So in the past two days, I've watched F.W. Murnau's Sunrise twice. I've been hearing about it since school, but sort of half-avoiding it because I had heard so much about how "beautiful" it was with a sense of "don't really bother about the story." A lot of the time, that doesn't work for me. I'm not very visually-oriented, though it's more complicated than that because I'm not bad at certain aesthetic functions. For instance, I'm find with layout, and I could draw if I put my mind to it. But I tend to pay more attention to narrative and character, and when someone says "Oh, don't go for that, go for the images" they often mean it in a big-budget shiny overlay sense, and if it's not underpinned by the narrative I have trouble caring.
But I was wrong about Sunrise. It's gorgeous, yes--I'd say it's the most technically accomplished silent film I've ever seen, and probably better aesthetically than anything for about ten years after it--but the visuals absolutely tell the story. And I shouldn't have been that surprised, but everything about it delights me. From the "interactive" intertitles to the amazing cinematography to the way the whole thing has an archetypal, fairy-tale sensibility, I love it. It's a silent film that is absolutely perfect as a silent film, rather than it being a limit imposed by technology (and by 1927, those limits were about to disappear). And I know that silent film proponents will argue that silent film shouldn't be judged as technologically limited, but one has to admit that some filmmakers did a lot better than others at non-verbal storytelling.

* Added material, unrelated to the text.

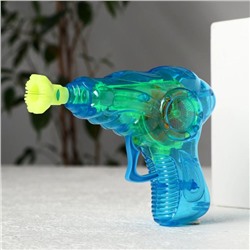 Мыльные пузыри "Пистолет световой, работает от инерции", 50 мл, цвета МИКС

The Masters of Cinema blu-ray disc is, too, a strong argument for having more silent/black and white film on HD formats. The picture is amazing, and I'm so used to seeing silent pictures on fuzzy washed-out prints that it was a relief. I wonder how many blu-ray producers are going back to original sources and really doing right by the film and the format.
I've also been watching some von Stroheim (Blind Husbands, Foolish Wives) and von Sternberg (only Der Blaue Engel so far, but I've got a Dietrich collection waiting for me) in an effort to fill some of the holes in my film education. Interesting stuff! Though I find Stroheim more interesting as a person than a filmmaker--though of course those things are intricately related. He's just so absurd and, ultimately, tragic. No opinion yet on Sternberg but I will observe that
Dietrich was pretty hot before she became
MARLENE DIETRICH with scary cheekbones. And I enjoyed the film, especially Emil Jannings, and to bring this back to Murnau I need to see The Last Laugh.